Another limitation is the small sample size (we used all public data of the converted (from MCI to AD) group in the ADNI (see the MATERIALS AND METHODS in the present report). The result of brain volumetry with MRI was influenced by many factors (i.e., image distortion, signal intensity non-uniformity of image, and signal-to-noise ratio) [5558]. Further studies with a large sample size are required for validation of the present result. We expect that the ADNI data base provide more many data as converted (from MCI to AD) group.

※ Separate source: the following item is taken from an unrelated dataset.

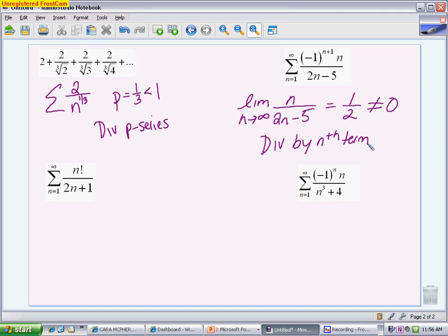We also discussed the idea of absolute versus conditional convergence. Absolutely convergent means if you take the absolute value and ignore the alternating piece, would it converge on its own? In this case it wouldn't — this is just divergent regardless. If you took the absolute value and it did converge using one of our other tests, we'd call it absolutely convergent. The AP test doesn't focus heavily on absolute versus conditional; they're much more concerned with whether you understand that it converges. The alternating series test looks at whether the limit goes to zero to determine convergence.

The last limitation is the possibility of mis-registration in spatial normalization process and mis-segmentation in the gray-matter image. Volumetry with the normalized gray-matter image has this limitation. Therefore, we checked spatially normalized T1WIs and the gray-matter images, and we found not clearly mis-registration (i.e., mainly inversion of image-orientation) and mis-segmentation (i.e., mainly interfusion of the white matter). Group comparison method for volumetry with the spatially normalized gray-matter images was used many previous reports about brain atrophy, but we must be cautious with the possibility that the registration errors may have an undefined contribution to the result of the comparison between the groups.

5 Conclusion

To the best of our knowledge, this is the first study to show that sensitivity for regional gray-matter volume change in the DMN is improved by the use of standardized analysis with global gray-matter volume, and to report longitudinal change for gray-matter volumes of the subdivided DMN (posterior cingulate, precuneus, LTC, MPFC, and IPL) in normal and converted (from MCI to AD) groups. The results are useful for improving our understanding of the features of regional gray-matter volume indication methods and for improving our understanding of DMN volume changes in the converted (from MCI to AD) phase.